INDUSTRIAL RELATIONS ACTS, 1946 TO 1990
SECTION 26(1), INDUSTRIAL RELATIONS ACT, 1990
DISPLAY CONTRACTS LIMITED
(REPRESENTED BY THE IRISH BUSINESS AND EMPLOYERS' CONFEDERATION)
- AND -
IRISH NATIONAL PAINTERS & DECORATORS TRADES UNION
UNION OF CONSTRUCTION, ALLIED TRADES AND TECHNICIANS
BUILDING AND ALLIED TRADES UNION
Chairman: Ms Owens
Employer Member: Mr McHenry
Worker Member: Mr Rorke
1. Approval of £7.39 increase to basic pay.
2. The Company is involved in the design and construction of exhibitions for industry. There are 17 craftworkers and general operatives involved in the dispute.
The claim concerns the application of LCR15588 from July, 1997, which recommended payment of an increase of £7.39 per week to workers with effect from September, 1997. The parties involved in LCR15588 were the Construction Industry Federation (CIF) and the Irish Congress of Trade Unions (ICTU). LCR15588 was itself connected to LCR13340 from July, 1991, which awarded an increase of £43.70 per week to craftworkers and general operatives, phased over 3 years.
The Company's view is that it was not party to the agreement between the CIF and ICTU and, therefore, LCR15588 did not apply to it.
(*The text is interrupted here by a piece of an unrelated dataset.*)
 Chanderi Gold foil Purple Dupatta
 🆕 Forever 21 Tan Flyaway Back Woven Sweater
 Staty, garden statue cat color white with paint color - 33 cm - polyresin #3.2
The dispute was referred to the Labour Relations Commission and a conciliation conference took place on the 7th of May, 1998. As the parties did not reach agreement, the dispute was referred to the Labour Court on the 2nd of June, 1998, in accordance with Section 26(1) of the Industrial Relations Act, 1990. A Labour Court hearing took place on the 27th of July, 1998.
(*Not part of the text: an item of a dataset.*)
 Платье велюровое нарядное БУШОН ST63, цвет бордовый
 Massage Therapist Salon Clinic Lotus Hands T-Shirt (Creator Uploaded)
3. 1. Following a meeting with employers in the display and exhibition industry to discuss implementation of LCR15588, a conciliation conference took place on the 30th of March, 1998. During discussions, it was clearly indicated that employers in the display industry always followed pay guidelines in the construction industry. As such, the £7.39 pay award of LCR15588 should apply to the workers concerned.
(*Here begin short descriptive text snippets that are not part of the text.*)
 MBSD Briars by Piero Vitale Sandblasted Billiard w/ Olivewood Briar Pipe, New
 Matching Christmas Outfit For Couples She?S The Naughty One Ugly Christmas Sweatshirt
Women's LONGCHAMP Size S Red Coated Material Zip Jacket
2. The Company's main objection to paying the allowances - that it is already paying a £16.00 per week allowance - is a separate issue. The £16.00 allowance was agreed to almost 20 years ago to cover anti-social working hours. The Company honoured the terms of LCR13340 but has refused to implement LCR15588.
4. 1. The Company has never been a member of the CIF and is not involved in the construction industry within the acknowledged meaning of that term. Negotiations between the CIF and ICTU regarding the £7.39 increase would apply only to workers in receipt of basic pay rates. Rates of pay for craftworkers at the Company include allowances for travelling time, meals, tool money and unsocial hours. These workers are clearly excluded from the terms of LCR15588. The workers also receive a Christmas and summer bonus which is, on average, £250 per employee.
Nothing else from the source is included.